Riga, Latvia

As we spent the beautiful, bright, crisp morning cruising toward Riga, David Barnes, Ron Suny, and Rodney Minott led a panel discussion about the Baltic’s complex political history leading up to the European Union.

Following lunch, it was time to explore the cosmopolitan city of Riga. Founded in 1201, Riga became one of the prominent Hanseatic city ports between Holland and St. Petersburg. Many of the red-brick fortifications and multi-storied merchant- and store-houses of this period survive in Old Town. The newer part of the city has beautiful parks, a large produce market housed in three buildings originally planned as Zeppelin hangers, and streets lined with linden, birch and oak trees.

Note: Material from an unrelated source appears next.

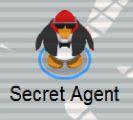What the secret agent clothes look like on a penguin in-game.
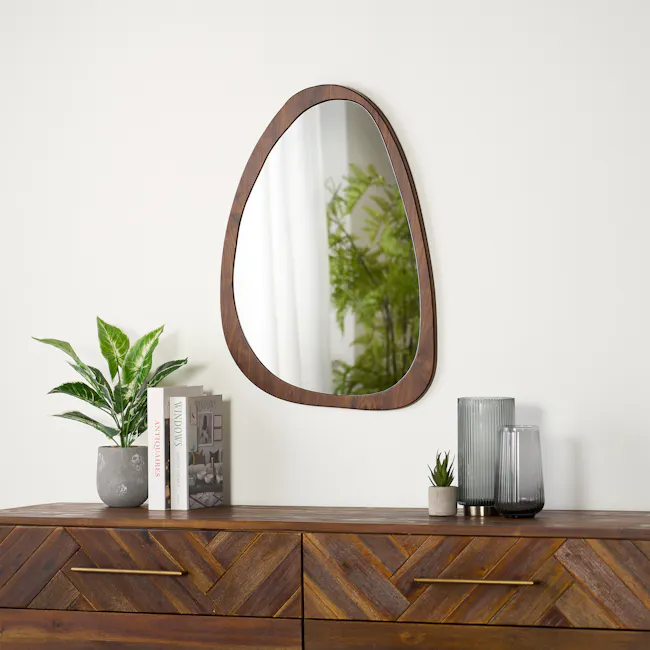 (As-is) Sandy Irregular Wooden Frame Mirror - Walnut - 1 - 5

We also saw the old, decaying KGB building, which led our guide to tell the joke: What is the tallest building in Riga? Answer: The KGB building. Why? Answer: From the top you can see Siberia. A chilling reminder of the Soviet era.

During the 1930s, Riga was the West’s major post for listening into “the Russian bear” to the east. The city was teaming with a mix of diplomats, traders, and intriguers—earning it the accolade of “the Paris of the east.” Today, this bustling city of 800,000 residents attracts tourists and business interests from around the world.

One of the highlights of the afternoon was an organ recital in St. Mary’s Cathedral, also known as the Dom. The massive 7,618-pipe organ came to life, and we listened enthralled to Bach and other pieces.

As we were finishing our tour of this fascinating city, we happened upon a wedding party crossing the main square. The newlyweds suddenly became an impromptu photo shoot as Lindblad guests transformed into paparazzi.